→ DATA
● ● ● ● ●
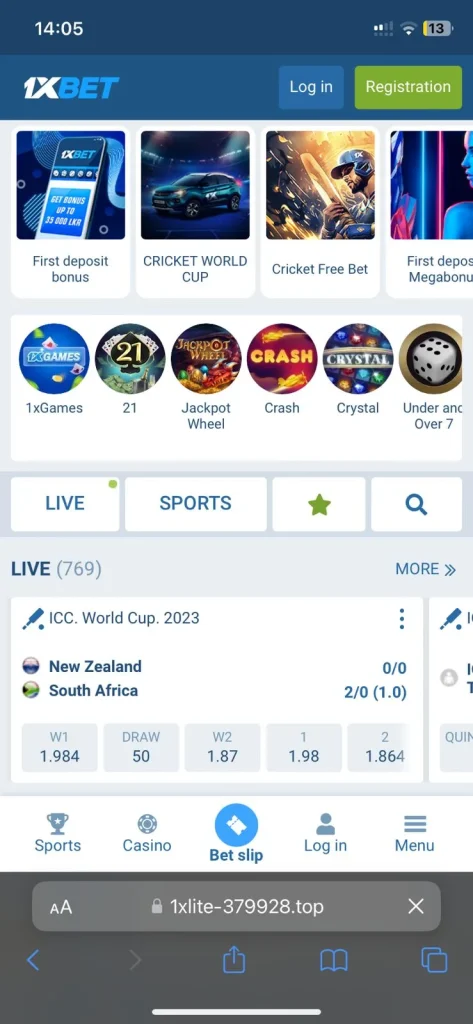 1xBet iOS app screenshot 2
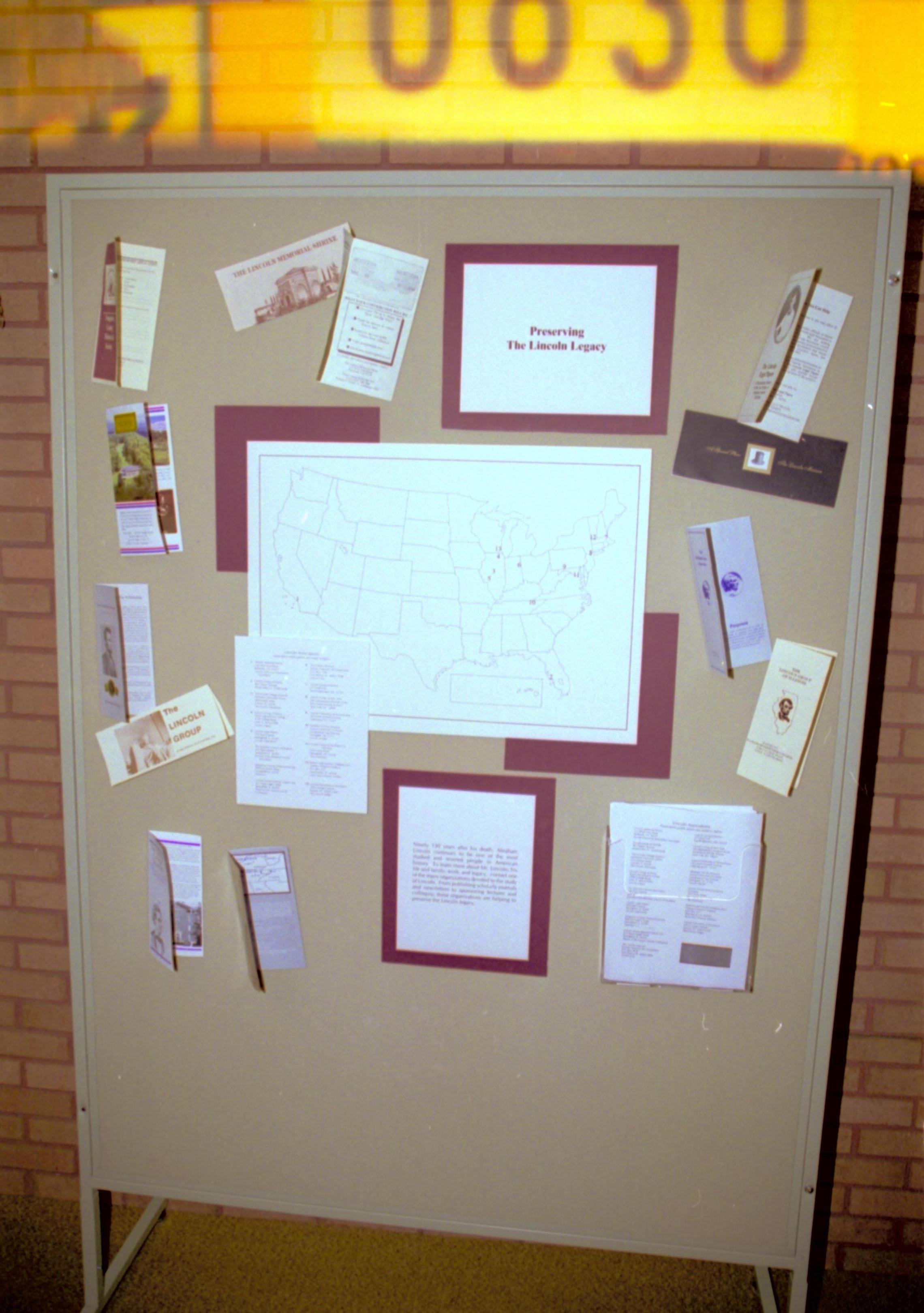 NA Lincoln Home NHS- Lincoln Birthday and Essay Contest exhibit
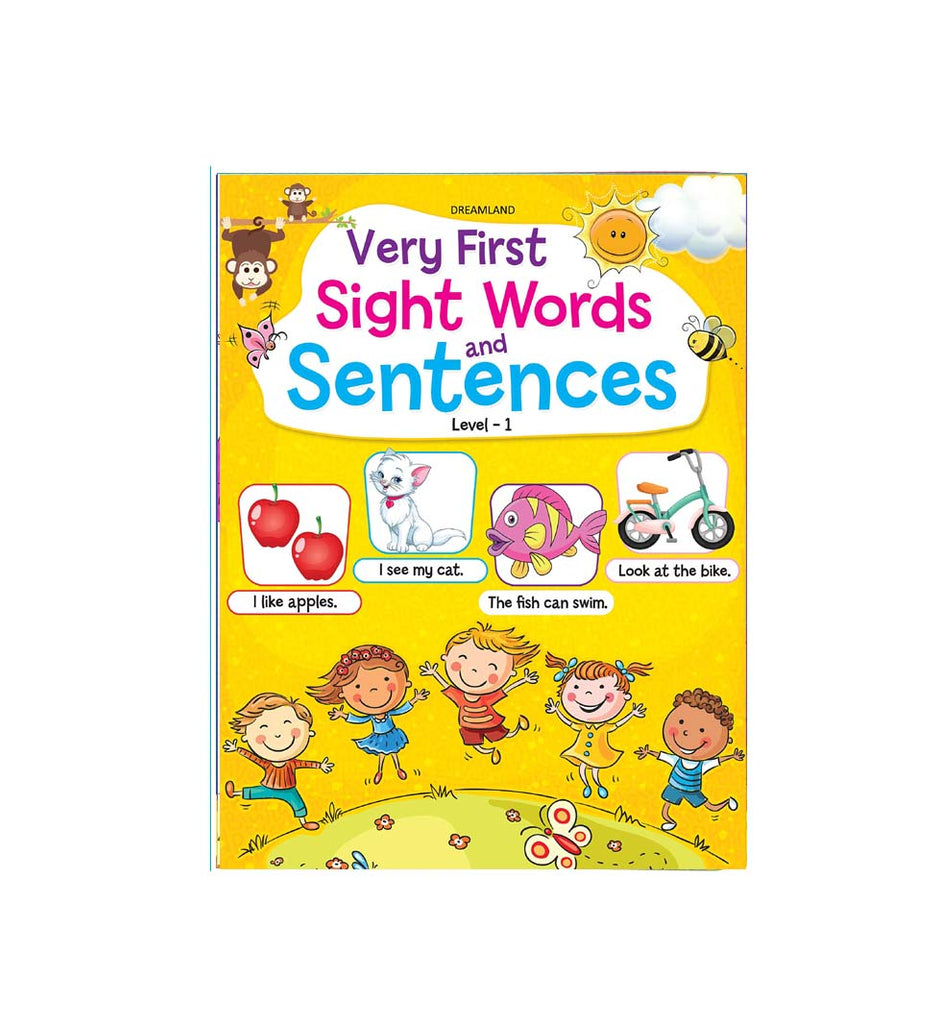 Very First Sight Words Sentences Level 1 (English)
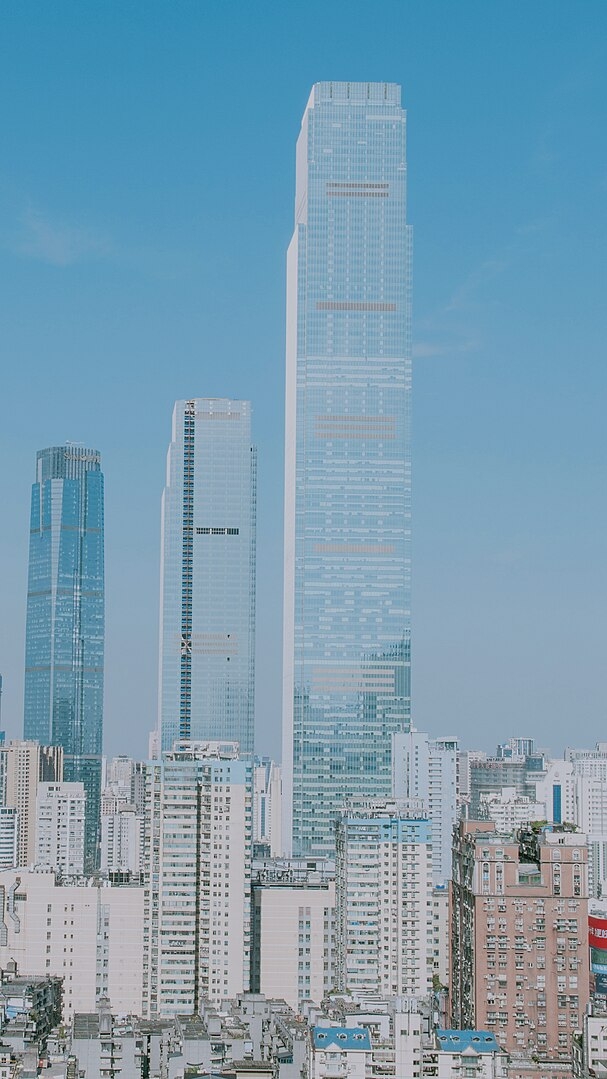 Changsha IFS Tower T1 - Localizado em Changsha, Hunan, na China. Tem 452,1 metros. Aberto em 2018.  Reprodução: Flipar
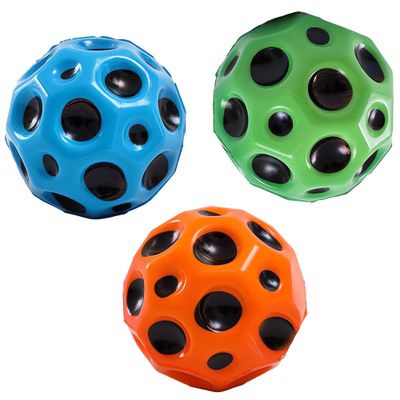 Tendry Moon Ball, Extreme High Bouncing Ball, Improve Hand-Eye Coordination, Easy to Grip and Catch by Athletes as a Sport Training Toy (Moon 3 PCS)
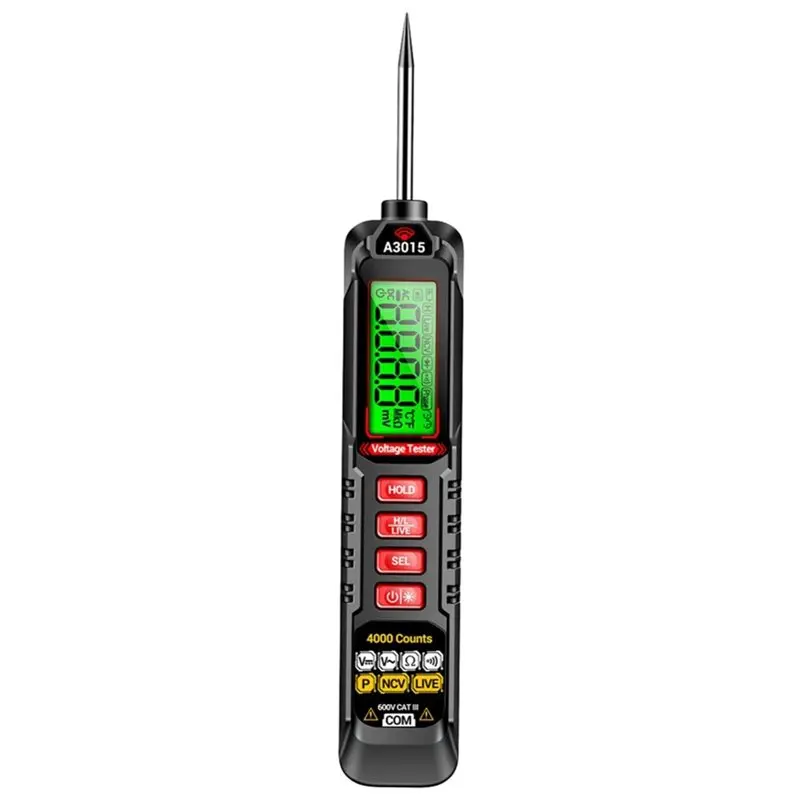 AB02 Car Voltage Tester Pen A3015 Digital Multimeter AC/DC 600V Non-Contact Phase Sequence Detection Testing Functionality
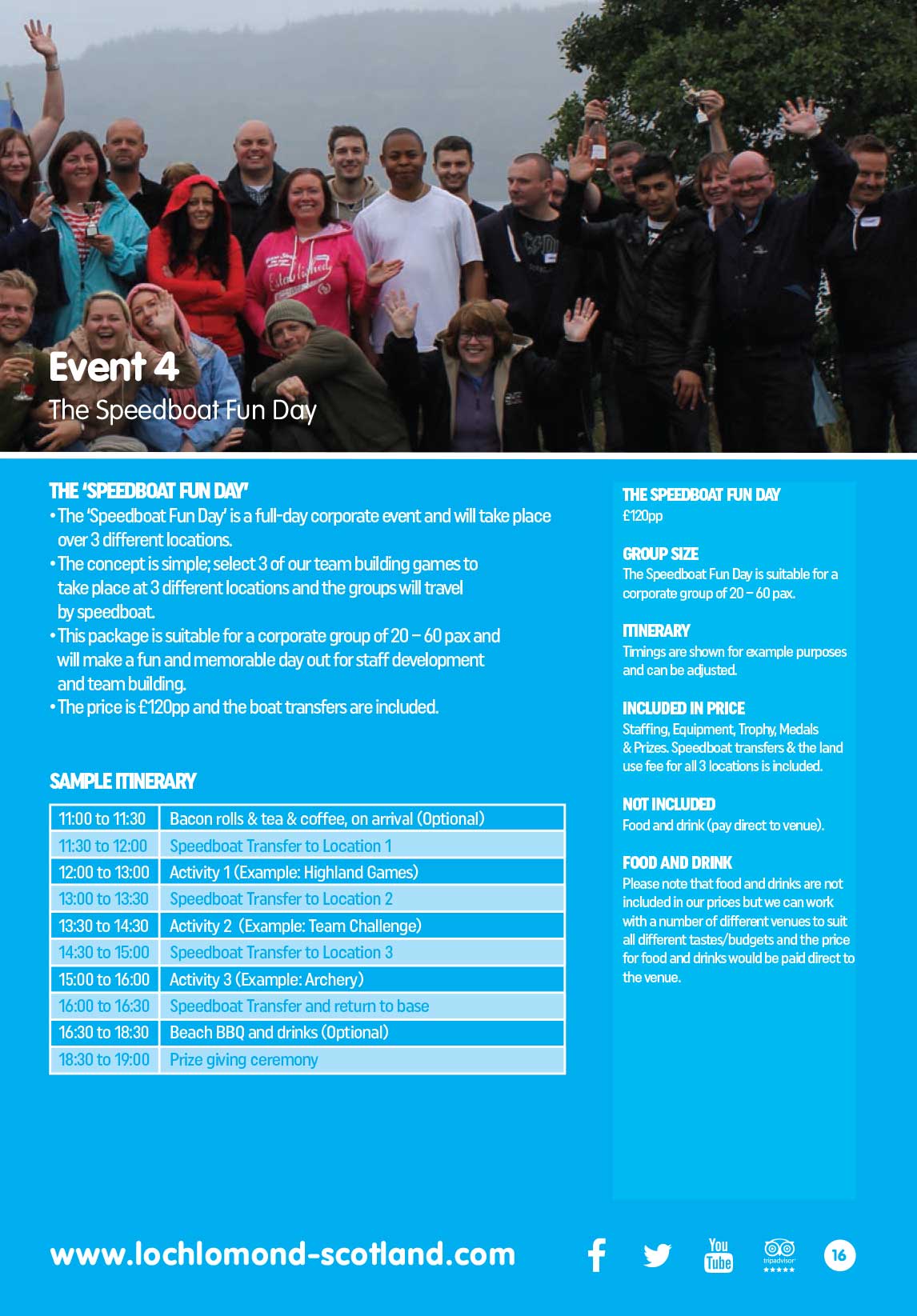 Loch Lomond Leisure 2018 Booklet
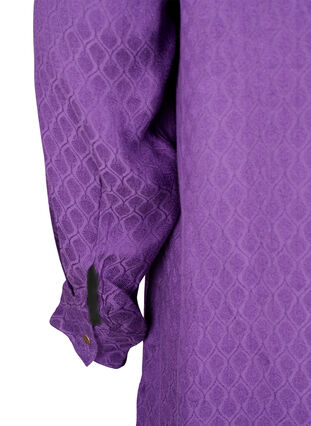 Zizzi Viskose Tunika mit Ton-in-Ton-Muster, Lavender Violet, Packshot image number 3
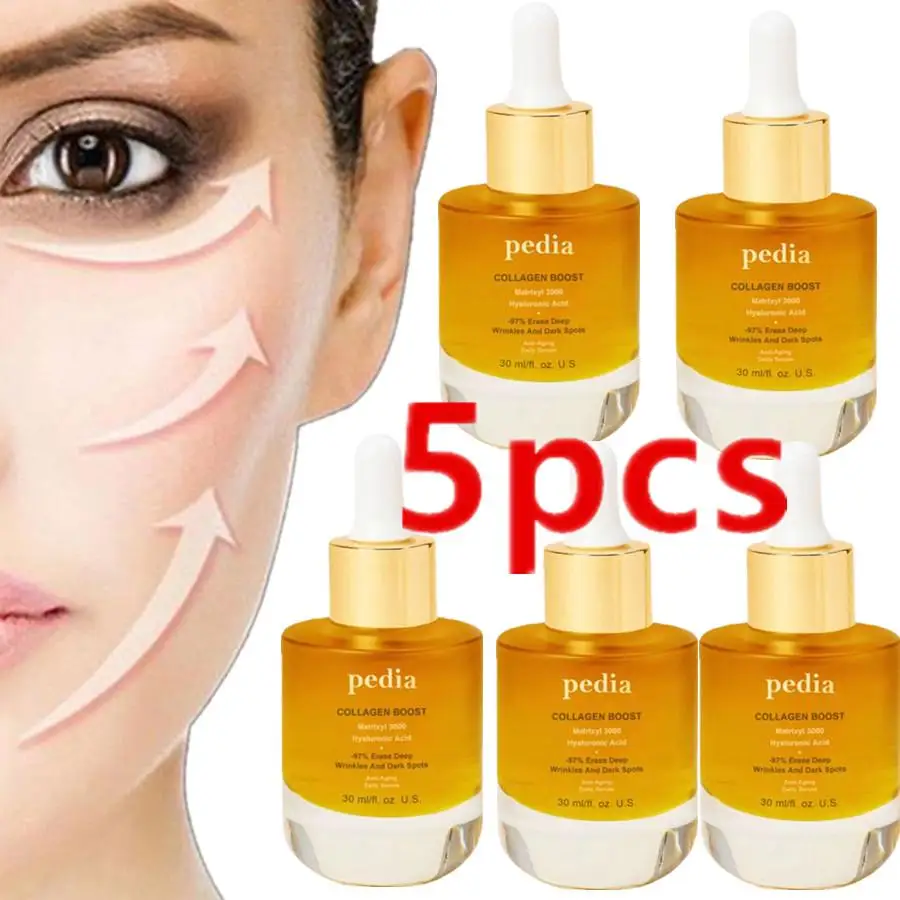 

5PCS 30ml Pedia Advanced Collagen Boost Anti Aging Serum Face Mosturizure Tightening Lifting Collagen Face Serum For All Skin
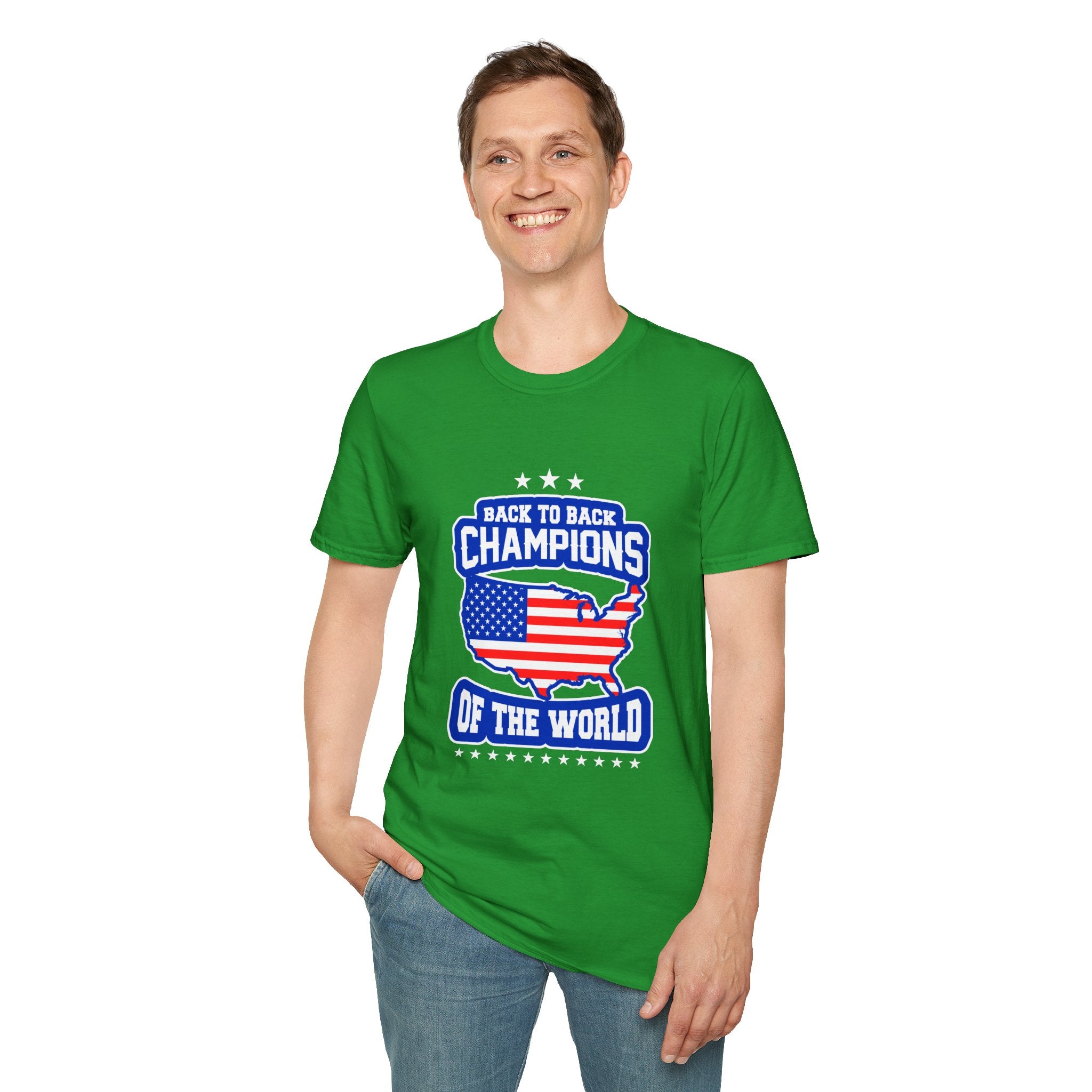 Patriotic Unisex T-Shirt for Champions | Casual Wear, Gift for Sports Lovers, All-American Style, 4th of July, Everyday Comfort
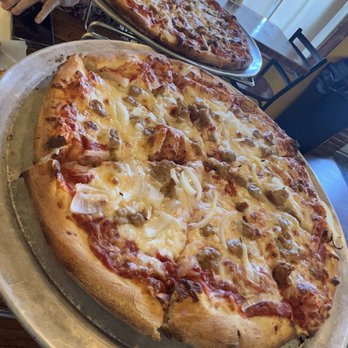 Abruzzo's Pizza - Sausage & onion personal pizza - Pizza Near Me - Jacksonville, North Carolina Abruzzo's Pizza - Sausage & onion personal pizza - Pizza Near Me - Jacksonville, North Carolina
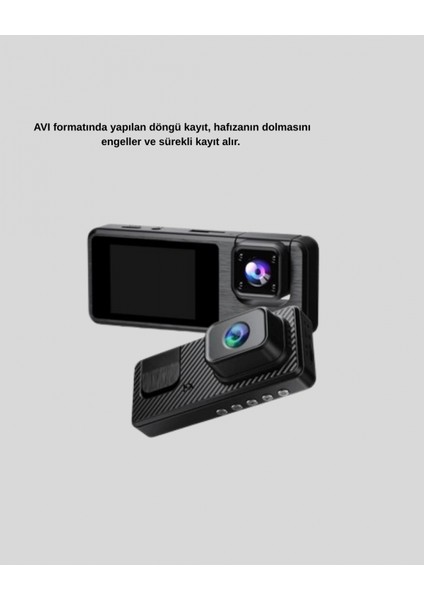 - 3 Kameralı Araç Dvr 1080P Ön + Hd Arka + Iç Kamera Döngü Kayıt 2’’ Ekran modelleri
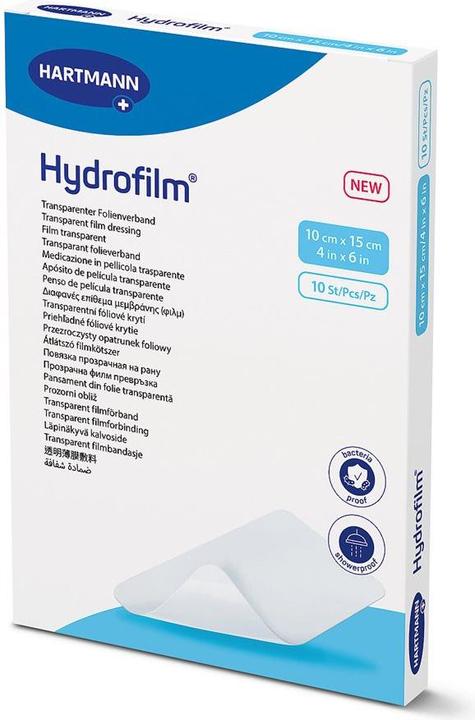 Image du produit IVF Hartmann Hydrofilm Transparentverband 10x15cm steril (10 x)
● ● ● ● ●
→ WHAT YOU HAVE TO DO
Above are the records; copy from them only the lines starting at the one containing "Zizzi Viskose Tunika" and ending at the one containing "5PCS 30ml Pedia", exactly and without pictures.

→ RESPONSE TO THIS EXERCISE
 Zizzi Viskose Tunika mit Ton-in-Ton-Muster, Lavender Violet, Packshot image number 3

5PCS 30ml Pedia Advanced Collagen Boost Anti Aging Serum Face Mosturizure Tightening Lifting Collagen Face Serum For All Skin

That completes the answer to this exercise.